Calhoun ground his teeth. The Med Ship hurtled out from the sunlit Canis III. Somewhere—not many thousands of miles away—the fleet of Phaedra clustered. Its crews were raging, but they were sick with anxiety about the enemies they prepared to fight. Aground there was hatred among the older of the colonists—the young-warrior group in particular, because that is the group in which hate is appropriate—and there was no less a sickish disturbance because even in being right they were wrong.
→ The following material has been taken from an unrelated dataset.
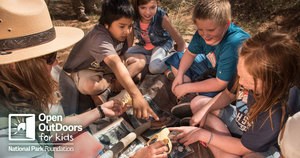 A ranger shows different bones to a small group of children.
Every decent impulse that had been played upon to make them exhaust themselves, before their revolt, now protested the consequences of their revolt. Yet they believed that in revolting they were justified.
Murgatroyd did not like the continued roar of emergency-rockets. He climbed up on Calhoun's lap and protested.
"Chee!" he said urgently. "Chee-chee!"
Calhoun grunted.
"Murgatroyd," he said, "it is a Med Service rule that a Med Ship man is expendable in case of need. I'm very much afraid that we've got to be expended. Hang on, now! We try some action!"
He turned the Med Ship end for end and fed full power to the rockets. The ship would decelerate even faster than it had gathered speed. He set the nearest-object indicator to high gain. It showed the now-retreating mass of stone and soil from Canis. Calhoun then set up a scanner to examine a particular part of the sky.
"Since fathers can be insulted," he observed, "they've made a missile to fight its way down through anything that's thrown at it. It'll be remote-controlled for the purpose. It's very doubtful that there's a spaceship on the planet to fight it back. There's been no reference to one, anyhow. So what the missile will have to fight off will be stuff from the landing-grid only. Which is good. Moreover, fathers being what they are, regardless, that missile won't be a high-speed one. They'll want to be able to call it back at the last minute. They'll hope to."
"Chee!" said Murgatroyd, insisting that he didn't like the rocket-roar.
"So we will make ourselves as unpopular as possible with the fathers," observed Calhoun, "and if we live through it we will make ourselves even more cordially hated by the sons. And then they will be able to tolerate each other a little, because they both hate us so much. And so the public-health situation on Canis III may be resolved. Ah!"